Over time, you'll need to top up your engine coolant with a 50/50 mix of water and antifreeze, but in the winter it should be a 60/40 ratio. Many people often make the mistake of topping up their coolant with water throughout the year, which means that the antifreeze becomes over-diluted and then freezes during cold weather. Simply, unscrew your coolant reservoir cap, lower the tube into the coolant and simply squeeze the rubber bulb on the end to suck some antifreeze inside the tester.
It's essential to ensure that your tyres are in good condition as they are key to your vehicle's steering and braking. If you frequently drive in tough conditions in the winter snow then it is recommended that you invest in some winter tyres. Offering exceptional grip, winter tyres perform very well in the snow, ice and even when it's wet. It's also important that you check your tyres for pressure and tread depth.

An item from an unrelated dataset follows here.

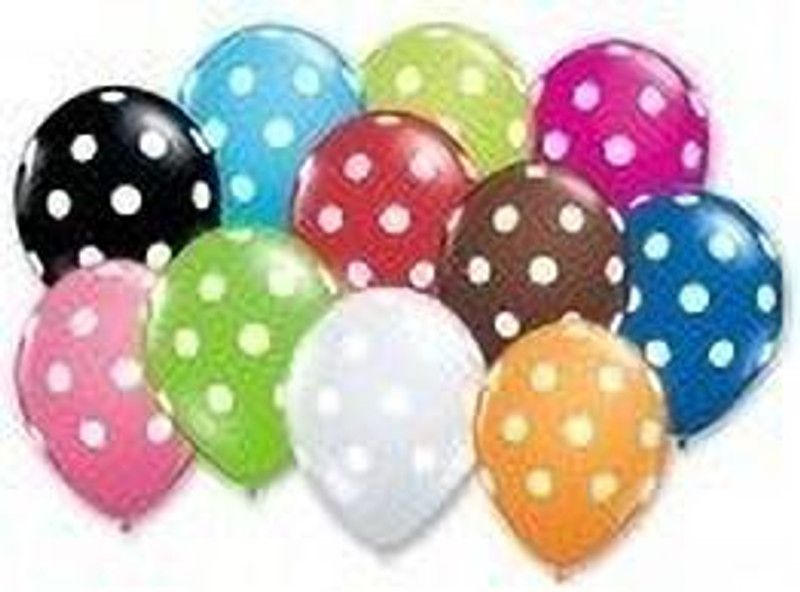 Party Anthem Printed PAPBM79 Balloon  (Multicolor, Pack of 20)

Although the legal limit is 1.6mm, it is recommended that you have more than this during the winter as they will give you a better grip.
We're all aware that winter weather is frequently wet and that your windscreen draws all the dirt from the road and trees, which means you use your windscreen wipers a lot more than usual. Ensure that you give your windscreen a thorough clean both inside and out and top up your washer fluid with some screen wash. You can buy ready mixed or concentrate screen wash, which you'll need to mix with water.
5. CHANGE YOUR OIL
You should check your oil regularly and should top it up when needed, but during the cold winter days, checking your oil couldn't be more important. Generally, you'll need thinner oil during the winter and when it comes to checking the oil, ensure that your vehicle is parked on level ground and that the engine is cold.
Although it sounds simple, you should check that all of your vehicle's lights, indicators and rear reflectors are clean, that there are no cracked lenses and that all of the bulbs are working as they should. Your exterior lights are extremely important, not only so that you can see the road ahead on those dark winter nights, but so that other road users can easily see you.
7. CHECK YOUR DEFROSTER AND HEATER
In order to help you drive safely in the winter you really need your defroster and heater to function properly. Although these types of repairs can be costly, one top tip that could help you save money is to check for any air leaks around your vehicle's doors and windows as leaks can allow in extra moisture and it may appear to seem that you have a broken defroster.
8. EMERGENCY KIT
If you don't already have an emergency kit in your vehicle, winter is most definitely the time to put one together. You may think that carrying an emergency kit with you in your vehicle at all times is a little extreme, but just imagine how glad you'd be if you ever found yourself stranded. Some things you may want to pack in your kit are a soft-bristled snow brush, plastic scraper, salt, a shovel, a torch, a couple of blankets and don't forget a fully charged mobile phone.